Lo burdo de la masacre de Ramallo obligó al Gobierno nacional a precipitar la renuncia de Osvaldo Lorenzo, ministro de Seguridad de la Provincia de Buenos Aires, mientras que la Jefatura Departamental de la Policía bonaerense hizo lo único que le quedaba y disolvió el Grupo Halcón.
Memorias de una pesadilla
El único de los tres asaltantes que sobrevivió, Carlos Martínez, fue condenado a 24 años de prisión. Detrás de él, fueron sentenciados varios acusados de participar aportando datos, armas y distintos elementos para perpetrar el robo: el policía Aldo Cabral y el soldado Jorge Aguilar recibieron penas de 17 y 15 años de prisión. La hermana de Saldaña fue condenada a cumplir 14 años en la cárcel mientras que Fabricio Céspedes, Oscar Mendoza y la remisera Silvia Vega recibieron 13 años.

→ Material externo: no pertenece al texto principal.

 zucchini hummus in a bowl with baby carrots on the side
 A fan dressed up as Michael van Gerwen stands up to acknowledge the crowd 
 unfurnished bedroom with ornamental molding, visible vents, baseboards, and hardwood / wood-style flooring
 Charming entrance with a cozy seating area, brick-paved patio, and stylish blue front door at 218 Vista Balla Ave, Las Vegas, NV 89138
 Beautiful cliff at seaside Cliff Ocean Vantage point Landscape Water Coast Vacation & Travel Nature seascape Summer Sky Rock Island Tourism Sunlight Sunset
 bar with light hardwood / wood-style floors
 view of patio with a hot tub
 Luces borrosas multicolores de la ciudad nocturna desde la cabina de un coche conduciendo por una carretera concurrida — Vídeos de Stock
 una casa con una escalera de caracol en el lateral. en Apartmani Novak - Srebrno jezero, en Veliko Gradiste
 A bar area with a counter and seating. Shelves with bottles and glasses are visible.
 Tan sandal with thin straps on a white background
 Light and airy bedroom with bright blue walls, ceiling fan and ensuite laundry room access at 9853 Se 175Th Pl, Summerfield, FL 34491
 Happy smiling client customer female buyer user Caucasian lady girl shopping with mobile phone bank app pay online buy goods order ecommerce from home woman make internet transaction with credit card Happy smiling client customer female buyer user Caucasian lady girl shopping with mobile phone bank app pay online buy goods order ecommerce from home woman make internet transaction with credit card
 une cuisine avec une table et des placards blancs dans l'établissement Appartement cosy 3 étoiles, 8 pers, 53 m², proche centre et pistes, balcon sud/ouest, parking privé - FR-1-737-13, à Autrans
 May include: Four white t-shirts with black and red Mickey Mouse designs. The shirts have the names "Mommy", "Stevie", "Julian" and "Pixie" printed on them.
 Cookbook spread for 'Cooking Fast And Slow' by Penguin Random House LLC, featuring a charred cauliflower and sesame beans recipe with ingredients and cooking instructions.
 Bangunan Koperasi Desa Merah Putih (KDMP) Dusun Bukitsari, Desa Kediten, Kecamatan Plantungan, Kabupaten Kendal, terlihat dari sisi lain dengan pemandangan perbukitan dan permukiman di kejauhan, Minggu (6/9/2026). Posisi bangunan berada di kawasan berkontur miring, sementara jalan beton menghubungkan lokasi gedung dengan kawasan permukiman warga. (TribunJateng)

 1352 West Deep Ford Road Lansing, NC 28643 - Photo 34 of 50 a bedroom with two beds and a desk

Poco después, se enjuició a los efectivos policiales que dispararon sin explicación y siete policías fueron condenados por la muerte de los rehenes con penas que iban de 2 a 20 años de prisión.
Ocho años después, una pericia realizada a instancias de la madre de Saldaña confirmó lo que todos sabíamos: que el joven había sido asesinado en su celda, aunque nadie fue juzgado por su muerte.
Trascurrido el tiempo y beneficiados por el sistema de 2×1, hoy todos los acusados están libres a excepción de Martínez, que murió en un accidente de moto durante una salida transitoria.
En un reportaje concedido a Infobae cuando se cumplieron diez años de la masacre, Céspedes –uno de los involucrados en el trabajo de logística- dijo que cuando elaboraron el plan solo buscaban hacerse del dinero, que iban a comprar campos en Brasil para cultivar soja y que nunca pensaron en lastimar a nadie. Iban a entrar, tomar el dinero y salir, les pareció que era cosa fácil. Céspedes cumplió 9 años de su sentencia y terminó el colegio secundario.
Ninguno de los sobrevivientes volvió a hablar de documentos secretos ni de un pacto policial con el ex convicto Saldaña para recuperarlos camuflándolo todo detrás de un robo. El caso quedó cerrado como una enorme conspiración montada por más de veinte implicados para apropiarse de los poco más de $ 150.000 que, se dice, tenía la sucursal de Villa Ramallo en ese momento. Poco dinero para repartir entre tantos y para llevarlo todo hasta las últimas consecuencias.